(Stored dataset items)
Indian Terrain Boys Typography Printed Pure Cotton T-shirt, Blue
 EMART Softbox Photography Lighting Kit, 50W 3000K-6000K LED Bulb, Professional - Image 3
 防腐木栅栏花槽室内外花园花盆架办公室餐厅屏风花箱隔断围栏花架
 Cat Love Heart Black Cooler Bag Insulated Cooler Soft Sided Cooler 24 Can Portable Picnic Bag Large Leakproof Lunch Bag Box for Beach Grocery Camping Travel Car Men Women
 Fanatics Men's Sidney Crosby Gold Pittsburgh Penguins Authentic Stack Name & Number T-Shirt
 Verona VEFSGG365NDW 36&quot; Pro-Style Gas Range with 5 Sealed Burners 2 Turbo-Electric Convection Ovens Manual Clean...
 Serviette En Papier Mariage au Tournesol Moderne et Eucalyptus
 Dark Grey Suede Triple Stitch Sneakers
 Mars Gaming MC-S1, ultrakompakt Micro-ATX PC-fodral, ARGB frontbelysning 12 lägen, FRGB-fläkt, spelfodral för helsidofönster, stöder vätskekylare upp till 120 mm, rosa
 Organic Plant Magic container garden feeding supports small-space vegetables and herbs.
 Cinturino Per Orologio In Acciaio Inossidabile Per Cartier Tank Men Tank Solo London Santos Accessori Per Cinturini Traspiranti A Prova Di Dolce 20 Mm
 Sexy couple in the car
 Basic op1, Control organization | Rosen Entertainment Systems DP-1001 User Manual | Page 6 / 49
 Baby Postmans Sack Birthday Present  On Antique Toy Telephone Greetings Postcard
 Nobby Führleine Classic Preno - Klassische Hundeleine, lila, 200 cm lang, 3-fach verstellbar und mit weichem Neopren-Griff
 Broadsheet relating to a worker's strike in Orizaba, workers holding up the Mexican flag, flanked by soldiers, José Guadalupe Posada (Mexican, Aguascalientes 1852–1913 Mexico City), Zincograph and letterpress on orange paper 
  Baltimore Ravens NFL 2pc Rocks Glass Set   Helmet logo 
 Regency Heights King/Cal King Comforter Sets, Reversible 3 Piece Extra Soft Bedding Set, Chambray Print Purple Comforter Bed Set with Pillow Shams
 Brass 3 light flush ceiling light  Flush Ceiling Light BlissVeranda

DIRECTIONS FOR THIS TASK:
Please give an exact copy of the lines above, beginning with the line containing "Serviette En Papier" and running through the line containing "Nobby Führleine Classic", and of no other lines.

RESPONSE BELOW:
 Serviette En Papier Mariage au Tournesol Moderne et Eucalyptus
 Dark Grey Suede Triple Stitch Sneakers
 Mars Gaming MC-S1, ultrakompakt Micro-ATX PC-fodral, ARGB frontbelysning 12 lägen, FRGB-fläkt, spelfodral för helsidofönster, stöder vätskekylare upp till 120 mm, rosa
 Organic Plant Magic container garden feeding supports small-space vegetables and herbs.
 Cinturino Per Orologio In Acciaio Inossidabile Per Cartier Tank Men Tank Solo London Santos Accessori Per Cinturini Traspiranti A Prova Di Dolce 20 Mm
 Sexy couple in the car
 Basic op1, Control organization | Rosen Entertainment Systems DP-1001 User Manual | Page 6 / 49
 Baby Postmans Sack Birthday Present  On Antique Toy Telephone Greetings Postcard
 Nobby Führleine Classic Preno - Klassische Hundeleine, lila, 200 cm lang, 3-fach verstellbar und mit weichem Neopren-Griff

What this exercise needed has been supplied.